It took just 20 minutes to cycle from the River Campus back to my apartment, and yet in that short time, I saw much more than I'd seen before. Perhaps the story began earlier. Perhaps it began with my trip south, when I scolded myself for always forgetting my camera for early evening rides. The brilliant autumn-like winter day, over 50°F in late November, was not unlike that day of pain a year before (incidentally, I forgot to deliberately go cycling that day--disappointing, but a good sign that my life is so full that I can't be bothered to commemorate). For the first time, the reflection of the new apartments in Corn Hill was perfectly still in the river and glowed golden in the twilight as if to herald Christmas with its lights, and the Parisian Troup Howell Bridge did the same. I finally caught sight of my carillon tower through the tangle of riverside trees by the red light bejeweling its apex.
An open door in Spurrier led me to discover new gym-like hallways and exits that made sense, and a corridor of typical practice compartments that I'm now hoping I can steal for the practice carillon. Practice itself was nothing brilliant - I had forgotten my shoes and earplugs and had to improvise, but developed a new idiom for myself learning John Cage's "Music for Carillon, No. 3." Roy Hamlin Johnson's octotonic setting of "Wachet Auf" seemed masterwork, and the penultimate two pages of Geert D'hollander's "Een Aangename Voois" fit my hands better as I applied techniques he'd taught me for his and others' compositions to the fleeting, dancing layers of "mijn vrolijk hart dat lacht..." And then I launched off the hill for home, glad to have the Cateye headlight my parents had sent me to light the way. But it wasn't just the dark segments of the path that I could see better.
A radio tower blinked back at my Cateye at the end of the Riverway Trail, startling me with its towering likeness to the Eye of Sauron as portrayed in LoTR movie.
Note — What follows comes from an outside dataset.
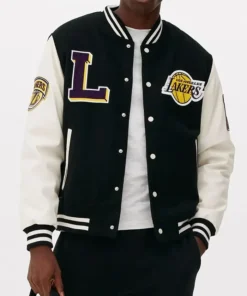 Los Angeles Lakers Black And White Wool Varsity Jacket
Amused and perturbed that it should look so threatening and tall in darkness, I raced through the construction beneath the Court Street bridge skimming the bumpy dirt path to emerge into a rush of warm air. Downtown was a few degrees warmer than the River Campus and the Genesee, thanks to buildings spewing warm air from giant vents and the windbreaker effect of a densely built environment. For no particular reason, I took Woodbury Boulevard east for once and realized that the Geva Theatre was right below Washington Square Park. I cycled through rather than past the park, finally drawn to the Civil War monument at its center from the history I'd learned at the Center at High Falls. There was a time when the statue had been monumental rather than dwarfed into invisibility by highrises. Those evil highrises nevertheless looked more monumental and well-designed than before, perhaps because I understood what they contained from the Center's exhibit. They had become receptacles of light; even the fan atop one building no longer looked tastelessly 70's, but as it might have looked to admirers in the 70's. My eyes were so receptive to imagination that I was stunned by the nameless highrise across from Manhattan Square Park, which looked at its edges as if it had been sliced away or as if some building the same color as the darkness was covering the rest of it. Downtown had never looked beautiful before, and now it was nothing but.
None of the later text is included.